Furthermore, to effectively intervene to improve the health of another, we need to understand how the particular health issue is impacting on the functional capacity of that individual. Two of my patients illustrated this point. The first was an elite level cyclist who had fallen off her bicycle a week prior, suffering a deep and long soft tissue laceration just below the knee, requiring extensive suturing and leaving a very impressive wound. The second athlete was a para-canoe athlete with a T6 level spinal lesion with painful blisters on both thumbs. The blisters had been caused by canoeing but were severe enough to now be causing difficulty with wheelchair mobility. At first glance, the blisters might have seemed relatively trivial compared to the cyclist’s leg wound. In terms of the potential threat to functional capacity; however, the blisters were a far more significant injury.

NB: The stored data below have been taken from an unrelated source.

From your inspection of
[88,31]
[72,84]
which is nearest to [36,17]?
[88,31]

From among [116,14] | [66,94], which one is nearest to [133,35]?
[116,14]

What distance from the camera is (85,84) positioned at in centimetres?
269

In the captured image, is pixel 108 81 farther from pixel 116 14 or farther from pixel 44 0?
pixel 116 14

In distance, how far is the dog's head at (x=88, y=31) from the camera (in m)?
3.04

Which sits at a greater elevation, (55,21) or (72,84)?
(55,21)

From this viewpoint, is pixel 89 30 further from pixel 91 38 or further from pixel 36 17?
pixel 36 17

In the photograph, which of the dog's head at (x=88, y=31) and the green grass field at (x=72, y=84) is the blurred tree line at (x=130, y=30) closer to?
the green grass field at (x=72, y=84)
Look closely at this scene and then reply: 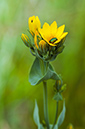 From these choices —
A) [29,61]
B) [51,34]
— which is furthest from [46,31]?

The concept of ‘health’ is multidimensional
In this ACSP issue, Jennifer Baldwin and colleagues (see page 1225 and 1226) discuss the concept of defining ‘health’. What may be a significant health issue to one individual may be quite insignificant to another. The concept of ‘health’ is relative and determined by a range of factors, including specific character traits, sociocultural factors and particular physical factors, which all have the potential to challenge the individual. Our understanding of ‘health’ must take into account the human experience. Baldwin and …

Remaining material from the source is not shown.